Sampai Indonesia merdeka pun mereka hanya sekedar mendapat cerita turun temurun bahwa leluhur mereka dari Jawa. Mereka tidak mau ikut program transmigrasi dan pasrah hidup mati tetap bertahan karena di Mekar Sari. Melihat kondisi masyarakat yang memerlukan perhatian khusus, pemerintah melalui kepolisian kehutanan Resort Gunung Raya mengirim utusan ke Thailand untuk belajar tentang gajah.
Pada saat itu bapak Akromi, selaku kepala Resort polisi kehutanan Gunung Raya dikirim untuk belajar tentang gajah. Sepulangnya, pak Akromi membuka sekolah gajah di Pesanggrahan dan dibantu oleh para jajaran polhut Resort Gunung Raya. Tujuannya agar masyarakat tidak takut lagi terhadap gajah.
Gajah yang sekolah ini adalah gajah asli hutan suaka marga satwa Gunung Raya. Mereka dipikat dengan gajah yang sudah jinak dan ditembak bius, lalu dibawa ke sekolah gajah. Sejak penangkapan sampai benar-benar jinak (bisa main sepak bola), memerlukan waktu pelatihan kurang lebih 14 bulan. Setiap gajah membutuhkan makan dua pikul pakan untuk itu setiap gajah membutuhkan satu orang pencari pakan. Mereka adalah pak Sujadi, pak Loso, pak Sukardi, pak Hartono, dan pak Nasri. Sekolah gajah bertahan selama tiga tahun saja.
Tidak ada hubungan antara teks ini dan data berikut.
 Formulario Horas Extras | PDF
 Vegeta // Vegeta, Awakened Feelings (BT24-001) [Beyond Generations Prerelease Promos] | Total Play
Lalu, dipindahkan ke Way Kambas Lampung.
Adanya sekolah gajah ini, masyarakat jadi tahu bahwa sebenarnya gajah itu juga bisa dijinakkan dan bisa hidup berdampingan dengan manusia. Gajah tidak akan mengganggu manusia selama keberadaan mereka tidak terusik. Bila habitat aslinya terancam, maka mereka pun akan melakukan pembelaan diri. Oleh karena itu, tidak ada jalan lain kecuali terus melestarikan hutan suaka marga satwa Indonesia.